La forme sur la corde de Mi (6e corde) : la plus utilisée
La forme la plus courante place la fondamentale sur la corde de Mi grave, la 6e corde, celle qui donne à la fois le nom de l'accord et sa force dans le grave. L'index se pose sur la case qui porte la fondamentale ; l'annulaire vient deux cases plus haut, sur la corde de La voisine, pour la quinte ; l'auriculaire, s'il rejoint la forme, se pose à la même case que l'annulaire mais une corde plus loin, sur la corde de Ré, pour ajouter l'octave de la fondamentale. Beaucoup d'écoles enseignent index et annulaire pour la version à deux notes, et ajoutent l'auriculaire seulement pour la version à trois notes ; d'autres guitaristes préfèrent le majeur à l'annulaire selon la souplesse de leur main, la logique mécanique reste identique dans tous les cas.
Cette forme se déplace telle quelle sur tout le manche, exactement comme un accord barré se déplace le long des cases : parce qu'aucune corde n'est jouée à vide, rien n'ancre la forme à un endroit précis du manche, et la fondamentale change simplement de nom selon la case où l'index se pose.

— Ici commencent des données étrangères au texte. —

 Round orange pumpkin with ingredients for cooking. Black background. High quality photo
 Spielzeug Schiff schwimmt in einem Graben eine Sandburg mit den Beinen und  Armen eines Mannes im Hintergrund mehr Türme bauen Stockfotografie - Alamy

C'est la même logique mécanique que celle détaillée dans le guide du hub sur les accords barrés, à la différence près qu'un power chord ne barre presque jamais l'index sur plusieurs cordes d'un coup : chaque doigt reste sur sa propre corde, ce qui allège considérablement l'effort par rapport à un vrai barré complet et explique en partie pourquoi cette forme est souvent la toute première que les guitaristes débutants réussissent à déplacer avec aisance sur tout le manche.
| Case sur le manche | Forme de Mi (power chord obtenu) | Forme de La (power chord obtenu) |
|---|---|---|
| 1re case | F5 (Fa) | B♭5 (Si♭) |
| 3e case (repère à point) | G5 (Sol) | C5 (Do) |
| 5e case (repère à point) | A5 (La) | D5 (Ré) |
| 7e case (repère à point) | B5 (Si) | E5 (Mi) |
| 9e case (repère à point) | C♯5 (Do♯) | F♯5 (Fa♯) |
| 12e case (repère double point, octave) | E5 (Mi) | A5 (La) |
Seule la corde de Sol, la Si et le Mi aigu restent muettes dans cette forme : soit on les évite complètement à l'attaque du médiator, soit on les étouffe légèrement avec les doigts qui ne servent pas à fretter, une habitude qui rejoint directement le geste du palm mute détaillé plus loin dans ce guide.
La forme sur la corde de La (5e corde) : la seconde matrice
La seconde forme, presque aussi utilisée que la première, place la fondamentale sur la corde de La, la 5e corde. Le doigté suit exactement la même logique : index sur la fondamentale, annulaire deux cases plus haut sur la corde de Ré pour la quinte, auriculaire à la même case sur la corde de Sol pour l'octave, si la version à trois notes est recherchée. La différence essentielle avec la forme précédente ne tient donc pas au doigté, identique note pour note, mais à la corde de Mi grave qui se retrouve juste en dessous de la fondamentale : cette corde ne fait partie de l'accord dans aucun des deux cas, et il faut l'empêcher de sonner, soit en ne l'attaquant jamais au médiator, soit en la touchant légèrement du bout de l'index qui dépasse par-dessus le manche.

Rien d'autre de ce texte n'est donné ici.